May 9, 201511 yr I was recently watching The Holy Grail (Monty Python Film) with some thai friends, the question 'What is your quest?' appeared a few times and a debate occurred on what it meant. Unsurprisingly it went unsolved and confusion reigned. Any ideas from our resident tv experts how to ask such a question?

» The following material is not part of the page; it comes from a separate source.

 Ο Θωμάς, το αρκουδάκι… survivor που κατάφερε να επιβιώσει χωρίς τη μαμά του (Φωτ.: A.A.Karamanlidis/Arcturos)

May 10, 201511 yr I've got the movie with Thai subtitles. "What is you quest?" is translated as "What are you looking/searching for?": ท่านค้นหาอะไร ท่านกำลังตามหาอะไร ท่านหาอะไร
May 10, 201511 yr The suggestions so far don't really go beyond 'What are you looking for?' Perhaps use แสวงหา. This is my effort: สิ่งที่คุณออกแสวงหาคืออะไร
May 10, 201511 yr The suggestions so far don't really go beyond 'What are you looking for?' That's what the movie used. Without the actual subtitles I probably would have guessed "What is your mission?" ภารกิจของคุณคืออะไร
May 10, 201511 yr Author I've got the movie with Thai subtitles. "What is you quest?" is translated as "What are you looking/searching for?": ท่านค้นหาอะไร ท่านกำลังตามหาอะไร ท่านหาอะไร Yes, that's what I've got but I was trying to explain that it means a bit more than that, like a long difficult search or something.
May 11, 201511 yr Some terms, as well as most jokes, don't always translate without further elaboration. Thais don't go on quests, that is a western concept. Thais go on "tios". Aussies go on "walkabouts".
May 15, 201511 yr What do you mean by 'tios'? เที่ยว, there is quite a bit of culture encapsulated within this word.